Zoning should always be:

  • Risk-based
  • Strategy-driven
  • Documented in design certificate
  • Reflected in cause & effect programming

7. Zoning is a Design-Stage Responsibility

Fire detection zoning must be determined during the system design stage, not during installation or commissioning.

Under BS 5839-1:2025:

  • System category must be defined before design begins (Clause 4)
  • Responsibilities for design must be clearly documented (Clause 5)
  • Variations must be formally recorded and justified (Clause 6)
  • A formal Design Certificate is required (Annex G)

Because zoning affects:

  • Compliance with maximum zone size
  • Search distance
  • Storey separation
  • Cause & effect programming
  • Alarm zoning
  • Zone plan layout
  • Fire strategy alignment

…it forms part of the core system design.


Design Certificate Implications

The Design Certificate confirms that:

  • The system category has been correctly selected
  • The protected areas are defined
  • Zoning complies with BS 5839-1
  • Any variations are declared

If zoning is not defined at design stage:

  • The designer cannot legitimately sign the Design Certificate
  • Responsibility becomes blurred
  • Compliance is questionable
  • Liability increases

Practical Engineering Note (UK Reality)

On many UK projects:

  • Zoning is “worked out on site”
  • Zone boundaries are adjusted after first fix
  • The zone plan is drawn after commissioning

This approach is non-compliant.

The zone layout should be agreed and documented before installation begins.
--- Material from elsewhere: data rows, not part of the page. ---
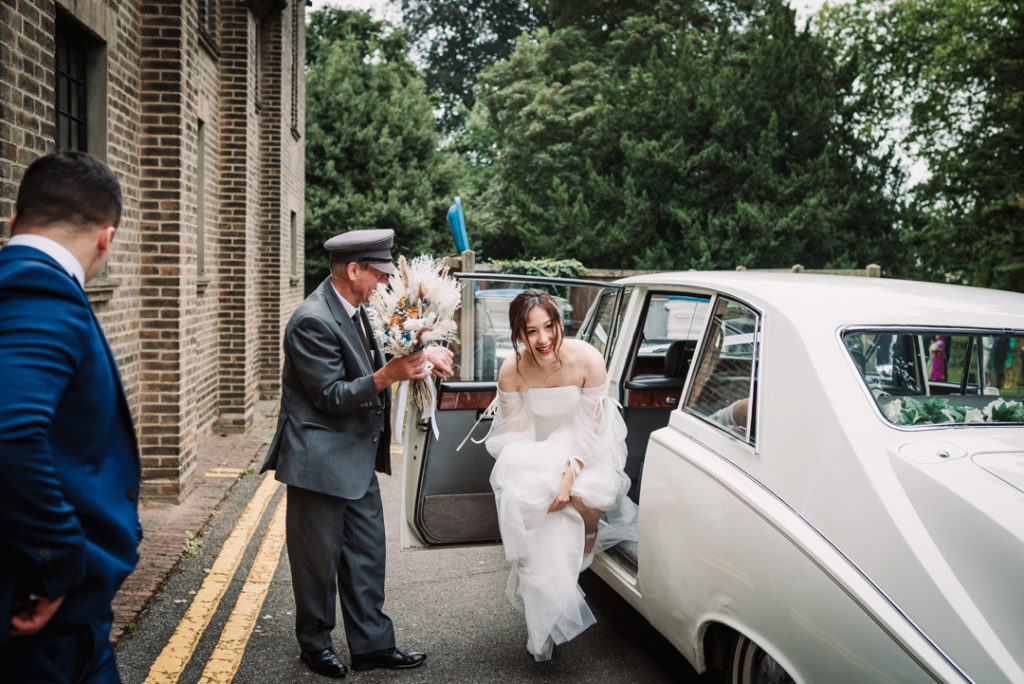 Bride arrives at her Luton Hoo wedding in a white rolls royce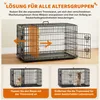 A dog crate with a movable divider, shown with text explaining its features and benefits. Below are two smaller images showing the crate with a puppy in a smaller section and then a larger section. Produktbild-Vorschau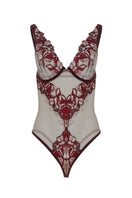 Entos Oolog Body in Burgundy, a stylish fitted bodysuit with long sleeves and scoop neckline, displayed on a hanger.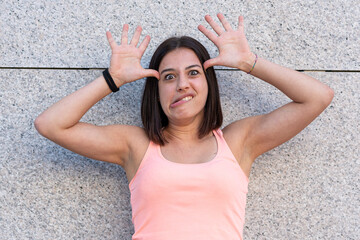 young millennials is portrayed with funny expressions, childish and stupid, portrait of a girl who...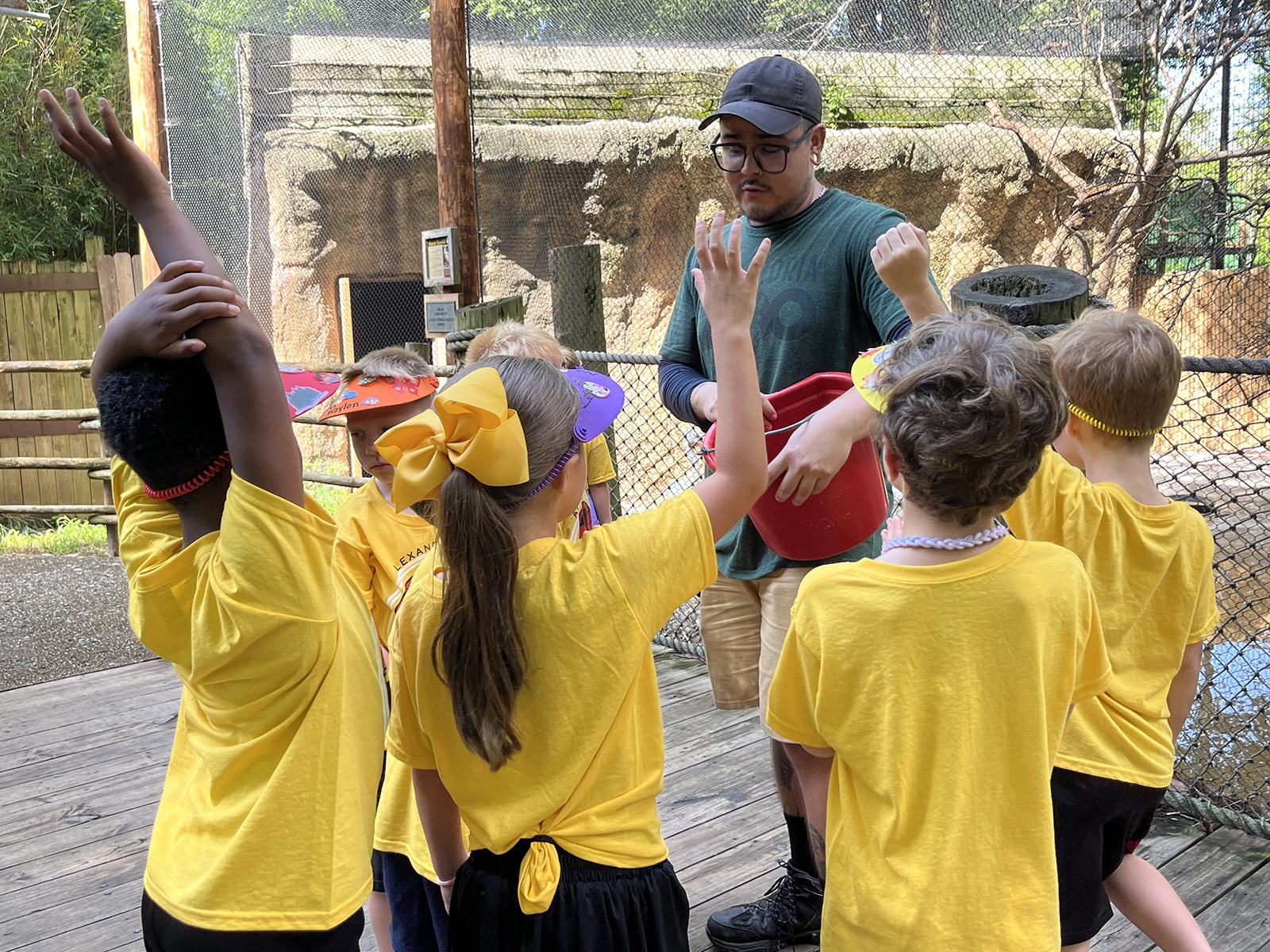 keeper speaking with summer safari campers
Installation should follow the design, not determine it.


Best Practice

At design stage, the designer should produce:

  • A zoning drawing
  • Defined zone numbers
  • Zone boundaries per storey
  • Confirmation of zone sizes (m²)
  • Confirmation of search distances
  • Alarm zoning strategy
  • Statement of compliance within the Design Certificate

8. Compliance Checklist

When reviewing a design:

  • Does each zone comply with 2,000 m² limit?
  • Is search distance ≤ 60 m?
  • Is each storey separately zoned?
  • Is a zone plan provided?
  • Do alarm zones align with evacuation strategy?
  • Are fault scenarios considered?

References

  • BS 5839-1:2025 - Clause 12 (Fire detection zones)
  • BS 5839-1:2025 - Clause 13 (Alarm zones)
  • BS 5839-1:2025 - Clause 22.2.5 (Zone plans)
  • BS 5839-1:2025 - Clause 6 (Unacceptable variations)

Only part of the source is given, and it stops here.